Closed this issue · 2 comments

I'm writing my own implementation of the Par2 spec. I've read the spec and I'm reading par2cmdline's source code, and I have a couple of questions:

How is a block related to a slice. The spec says slices are 16-bits and to make one recovery slice I need two input slices. But looking at the source code, blocks can clearly be bigger than 16-bits. Is it something like an input block has x number of slices and a recovery block has y number of slices? It is just not clear to me from spec, as written, what the heck it wants.

This brings me to my second question, what is the purpose of the exponent in the Recovery Slice packet, and how is it used? I have read the paper the spec links to which I barely understood. I have also read Reed-Solomon codes for Coders which I found much more understandable. But I'm still mystified by the exponent. Is it a value for a lookup table? That's my only guess.

The term 'block' and 'slice' are generally used interchangeably. Blocks/slices can be any size up to 2^64, as long as it's a multiple of 4. Slice indices (sometimes referred to as "constants" in the specification) must be 16-bit, not the slices themselves.

Within a slice, you have some number of 16-bit integers, which we'll refer to as "words". Computation is performed by transforming 1 or more words, from input slices, into 1 or more words, which end up in recovery slices.

Note that your assumption that you need two input slices to produce a recovery slice is incorrect. You need at least 1 input slice to compute 1 or more recovery slices (to put it another way, you could compute 3 recovery slices from 1 input slice, or 2 recovery slices from 5 input slices etc).

All input/recovery slices/blocks must be the same size. If the input slice is too small (due to the file ending), it needs to be padded with null bytes.

PAR2 uses a Vandermonde matrix when computing recovery data from input data. The computation, for each word w in recovery slice r, is something like:

recovery[r][w] = input[0][w] * 2^r + input[1][w] * 4^r + input[2][w] * 16^r + input[3][w] * 128^r ...

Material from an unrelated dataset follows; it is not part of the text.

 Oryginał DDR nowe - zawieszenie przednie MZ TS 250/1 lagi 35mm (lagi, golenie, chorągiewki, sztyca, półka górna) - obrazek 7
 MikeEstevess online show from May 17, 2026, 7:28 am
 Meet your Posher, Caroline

I'm not knowledgeable enough on the mathematical principles behind the Vandermonde matrix used, but the exponent is basically just a part of the calculation. It doesn't have anything particularly to do with a lookup table, however, a common performance-oriented implementation of exponentiation in GF(2^n ) is done by computing logarithm/exponentiation via a lookup table.

Thank you @animetosho.